## GOAL OF THE EXERCISE
A word-for-word copy of the listing is required, and it must contain no pictures.

## DATASET SECTION
--------------------------------

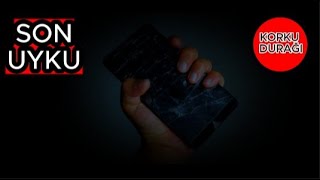 Son Uyku Korku Duraği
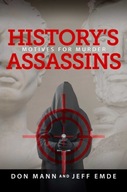 History s Assassins: Motives for Murder Mann Don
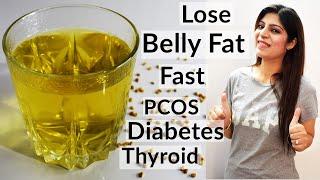 Lose Belly Fat Fast  Weight Loss Drink For - DiabetesPCOSThyroid  Methi Tea  In HindiFenugreek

--------------------------------

## RESPONSE TO THE EXERCISE
 Son Uyku Korku Duraği
 History s Assassins: Motives for Murder Mann Don
 Lose Belly Fat Fast  Weight Loss Drink For - DiabetesPCOSThyroid  Methi Tea  In HindiFenugreek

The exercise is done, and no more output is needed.